Ce passage si connu de l’Evangile provoque toujours la même réaction : L’immense armée des maîtresses de maison se lève pour prendre la défense de Marthe !
Quelle injustice de reprocher à cette bonne ménagère de s’agiter pour assurer une réception digne de son hôte ! Il y en a une qui se donne du mal, et voilà qu’après avoir bien mangé, l’invité lui donne en exemple sa sœur inutile ! Si tout le monde faisait comme Marie, assise à ne rien faire, Jésus aurait mangé des chips dans une maison pas très propre… C’est bien un texte de bonhomme qui ne se rend pas compte du boulot que ça représente d’accueillir comme il faut un invité important !!

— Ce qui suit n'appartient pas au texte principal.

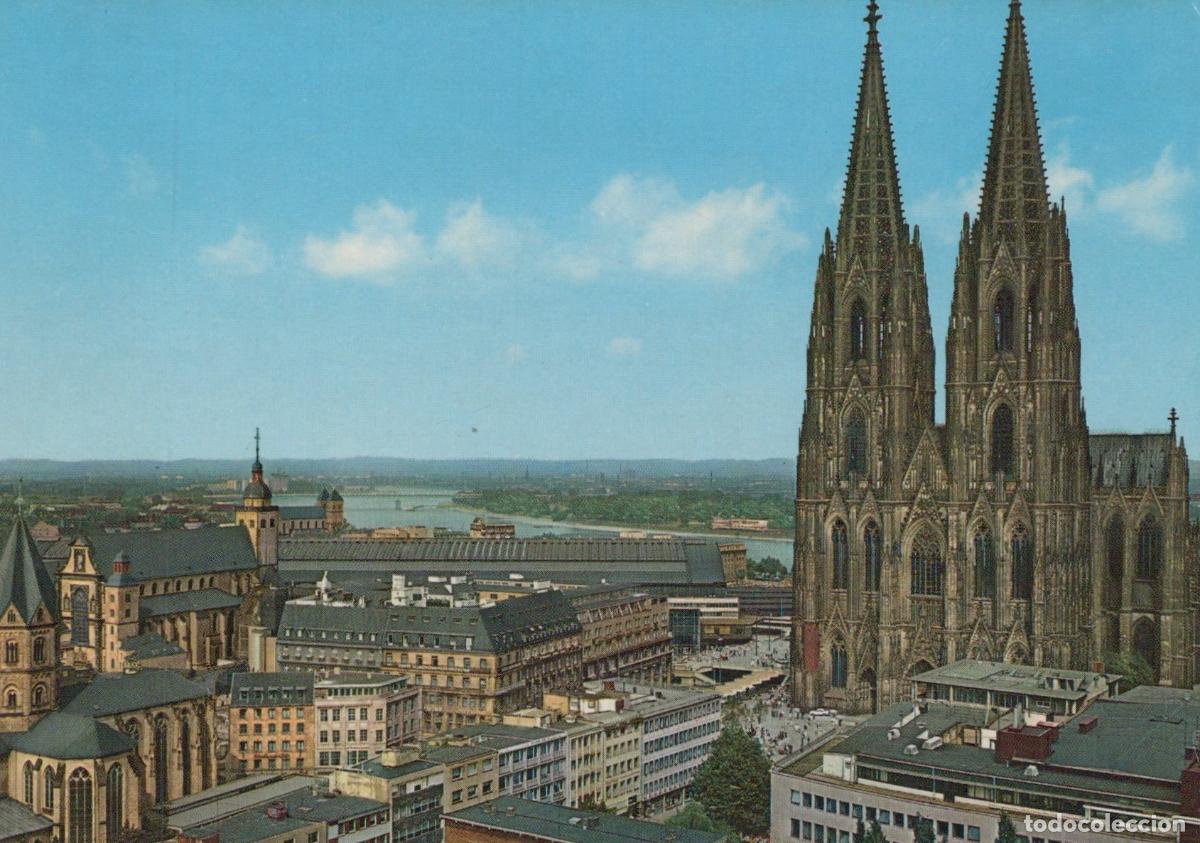 Postales: Germany Cologne Cathedral Dom Rhine River Cityscape Architecture *YAT867
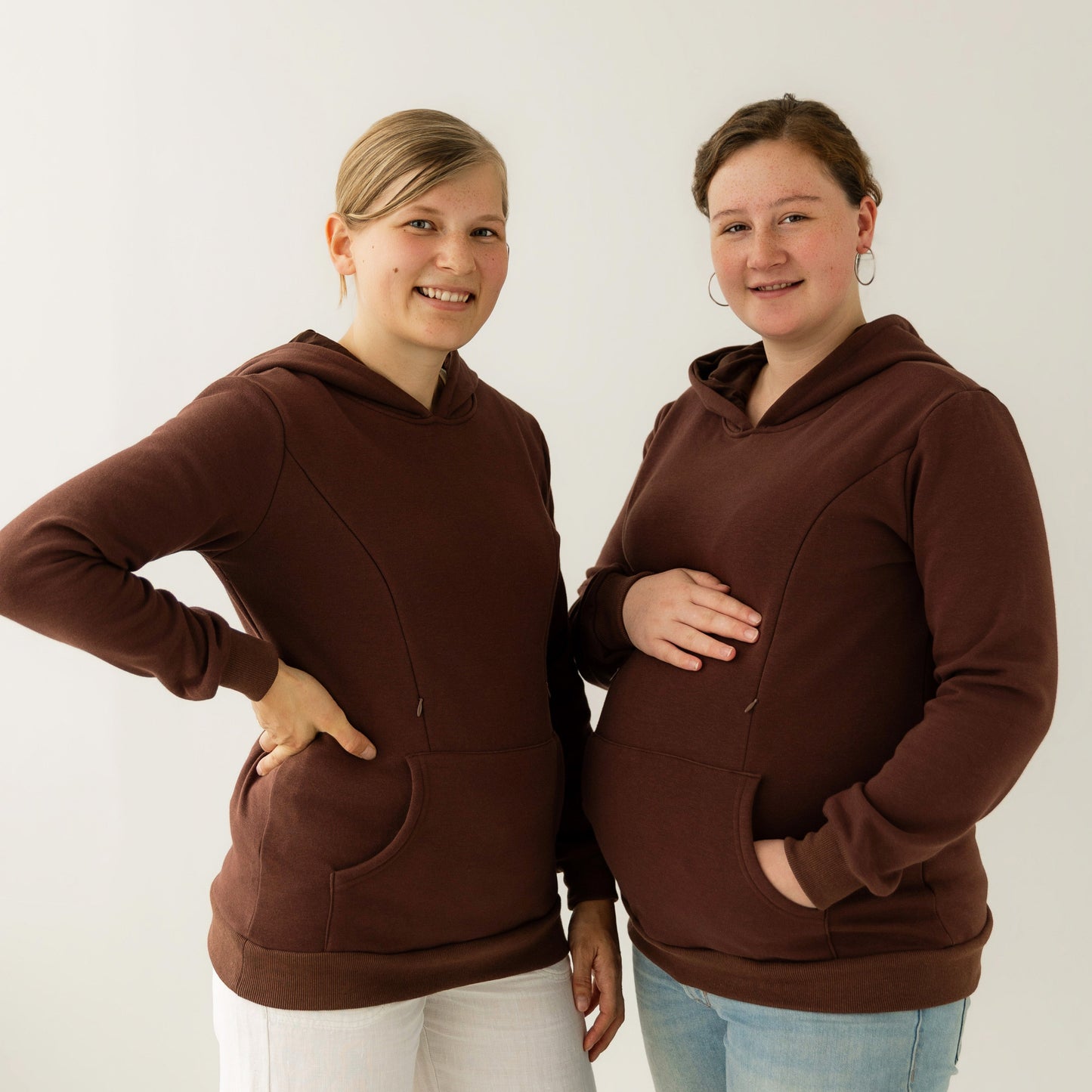 Chocolate Brown Breastfeeding Hoodie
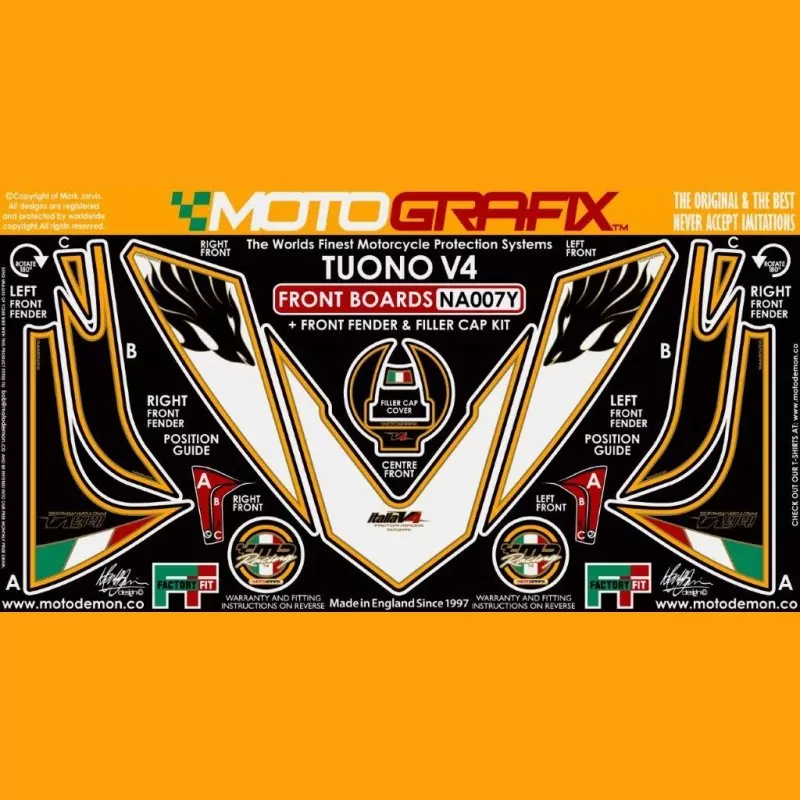 Motografix Steinschlagschutz vorn Aprilia Tuono V4 2011-2014 NA007Y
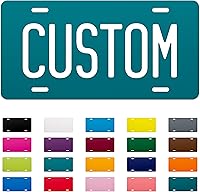 Vista 11 de Excelmark Vanity - Placa de matrícula personalizada para exhibiciones de automóviles, placa de aluminio personalizada (negro)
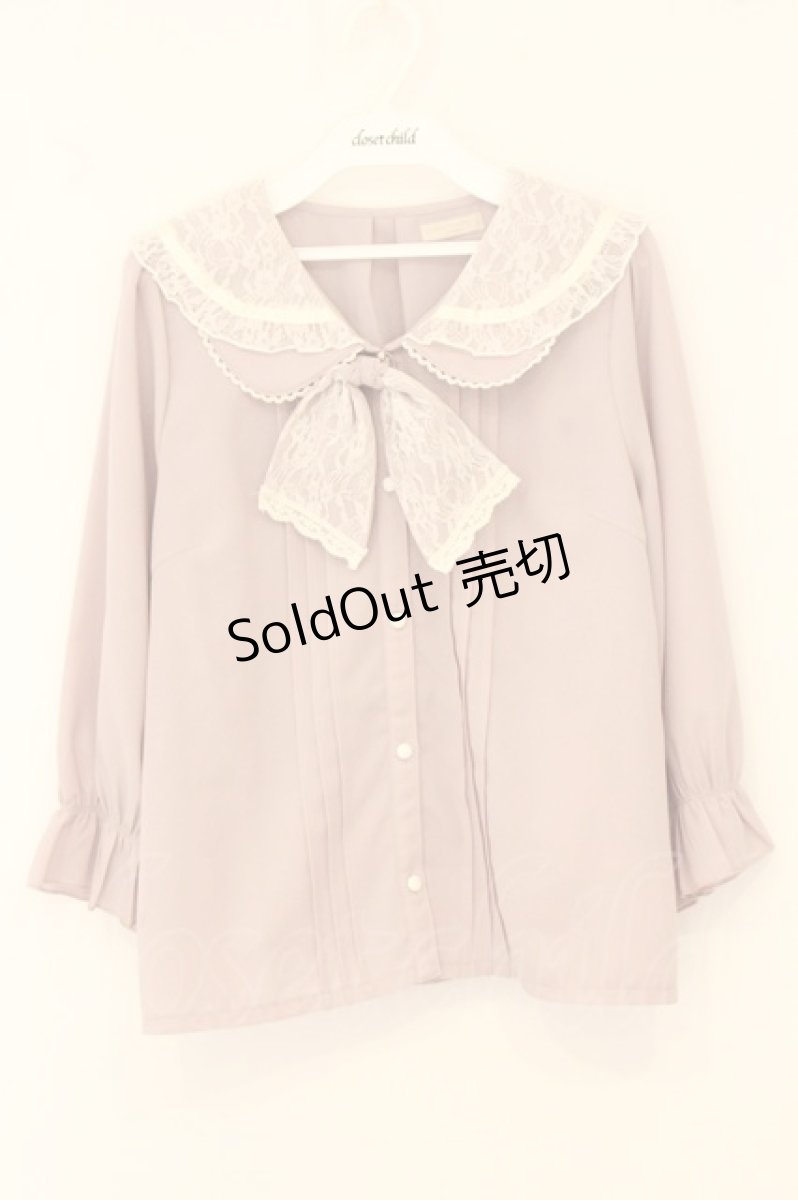 画像1: axes femme POETIQUE / ダブルカラーブラウス M ピンク O-26-08-06-040-AX-BL-IG-OS (1)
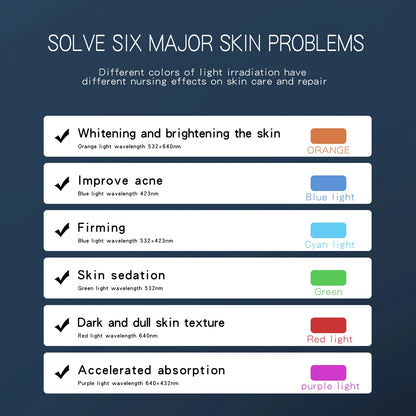 7 Colors Led Mask PDT LED Mask Light Therapy Skin Care Tools Beauty Health Facial Masks Red Light Therapy Wrinkle Remove Spa Us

Pourtant, il va bien falloir entendre Jésus : « Marthe Marthe, tu t’inquiètes et t’agites pour bien des choses, quand il n’est besoin que d’une seule, Marie a choisi la bonne part, elle ne lui sera pas enlevée »

Il y avait donc des parts à choisir… Marie a choisi la bonne, Marthe est passée à côté…

L’évangile n’est pas un manuel de savoir vivre. Il ne nous apprend pas à réussir son apéritif-dînatoire avec un invité prestigieux. Il tente de nous dire autre chose.
        Quelle distance entre le Christ et moi ?
        Quel écart entre le Verbe de Dieu, et moi ?
        Combien d’espace disponible entre la Parole et mes oreilles ?

Le problème de Marthe, c’est qu’elle est « accaparée par les multiples occupations du service »… « accaparée », « tiraillée », tirée ailleurs, saisie, retirée complètement à la présence… confisquée à la rencontre. Le service a tout pris.
Il a pris son temps, mais aussi sa joie (puisque c’est plein d’amertume qu’elle reproche à celui quelle était sensée servir l’inaction de sa sœur). Le service lui a pris sa présence… Jésus était là et elle était absente. Jésus était dans sa maison et elle était dehors. C’est l’histoire d’une rencontre ratée.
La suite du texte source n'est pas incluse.